Tuvieron tres hijos, separándose en 1975. Urtain se cegó con las luces de neón de la popularidad, del dinero digamos supuestamente fácil, de las amistades femeninas que de la noche a la mañana se acercaban al ídolo. Era un gran tímido, incapaz de cruzar dos palabras seguidas con una desconocida. Pero a él, mujeres despampanantes se le brindaban muchas noches, junto a supuestos amigos de vivir a su costa entre continuas francachelas, juergas, y camas redondas. Y el mito se fue desinflando, ya perdida la diadema europea de los pesados y cada vez peleando en veladas de menor importancia. Esos años de gloria apenas fueron diez, que Urtain vivió enloquecido, subido en una nube, manejando algún automóvil último modelo, con apartamentos de lujo, ropa cara, comidas y bebidas propias de un millonario. Hasta Manuel Summers lo contrató en 1969 como protagonista de una rara película, especie de comic filmado, "Urtain, el rey de la selva… o así".

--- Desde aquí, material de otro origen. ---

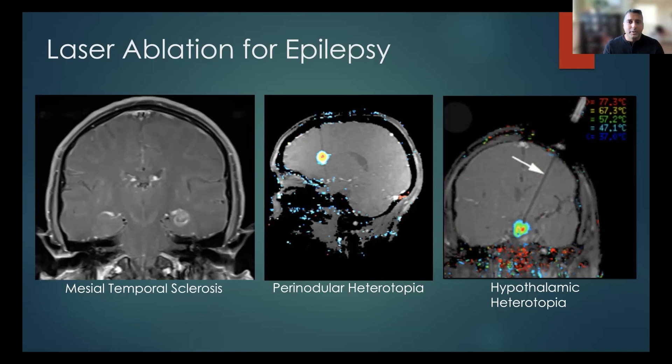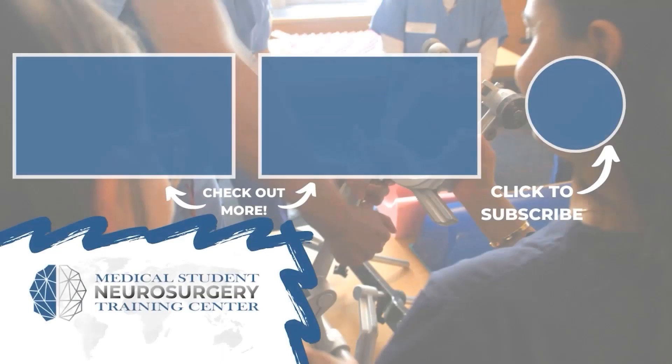On the right is what I consider the ideal use for laser ablation: hypothalamic heterotopias. Imagine a basketball with a small Tic Tac right at the center — that's similar to how a hypothalamic heterotopia sits. Open surgery requires traversing essentially the entirety of the brain from above to reach that area, and any injury to the hypothalamus can cause significant long-term endocrine disorders. With this very small laser fiber, we can get all the way down to the hypothalamus and treat that area without causing any collateral damage.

Yo conocí al José Manuel Ibar de sus principios, cuando se entrenaba en un caserío de Lezo, antes de convertirse en un as del cuadrilátero. Y me pareció un tipo rudo, sin dobleces, que casi nada sabía de la vida salvo su diario acontecer entre las vacas de su terruño. Hablaba vasco y apenas farfullaba el castellano. Luego, siendo un ídolo del boxeo, no había cambiado en el fondo, pero daba la impresión de estar flotando, sin saber exactamente el rumbo de sus pasos. Y ya, juguete roto, fuera del ring, definitivamente con los pies en el suelo, me lo encontré en Castilleja de la Cuesta, a una decena de kilómetros de Sevilla, en un restaurante que puso a medias con su hermano Eusebio. Era el año 1989, había adelgazado, pesaba noventa y seis kilos y hacía una vida tranquila después de superar una grave enfermedad coronaria: "Tuve una dilatación del corazón por todo el deporte que practiqué… y por el otro", el del codo. Ya no bebía y a su lado, cuidándolo, tenía a María Luisa desde hacía trece años. Fueron padres de dos niños. En ese tiempo del crepúsculo de su popularidad, Urtain se sinceró así conmigo: "A mí nunca me gustó el boxeo. Soy consciente de que viví unos años tirando el dinero. Gané mucho, pero otros se llevaron más que yo, aprovechándose de mí. Llegué a tener como máximo en el banco tres millones y medio de pesetas. Cuando en Londres de 1970 puse el título en juego, que perdí ante Henry Cooper, me prometieron siete millones de pesetas de bolsa… y al final no me dieron ni un duro. Bueno, sí: un talón bancario, sin fondos. En el ajo de todo eso yo creo que estaba Branchini, el hombre que dirigía mi carrera". Sí, a Urtain, por muchos combates que ganara amañados, lo estafaron varias veces. Y terminó arruinado. Antes de despedirnos, me contó esta anécdota: "Una vez vino a saludarme a los vestuarios del Palacio de los Deportes, un señor que me dio muchos ánimos, tuteándome. Yo, hice otro tanto. Pero de pronto, un acompañante de aquél me echó en cara que le hablara así al para mí desconocido visitante. Al verme sin saber qué contestar, va y me dice: '¿Es que no sabes que estás hablando con don Luis Carrero Blanco, Presidente del Gobierno?'".

Gran persona, con un corazón de oro este ingenuo José Manuel Ibar, quien no supo esquivar, como en el ring, los golpes de la vida. Ya viviendo en Madrid, quería emprender la apertura de un restaurante, por cuenta propia. Lo acosaron sus acreedores. Su amigo y colega Pepe Legrá contaría que Urtain necesitaba tres millones de pesetas con urgencia y que ya nadie, de tantos "amigos" como antes lo rodeaban, quería saber de él. Ni siquiera María Luisa, que se cansó de estar a su lado. Y solo, como un guiñapo, quedó aquel 21 de julio de 1992 tendido en el suelo, sin vida. Tenía sólo cuarenta y nueve años y había sido un mito, aunque fugaz, del boxeo.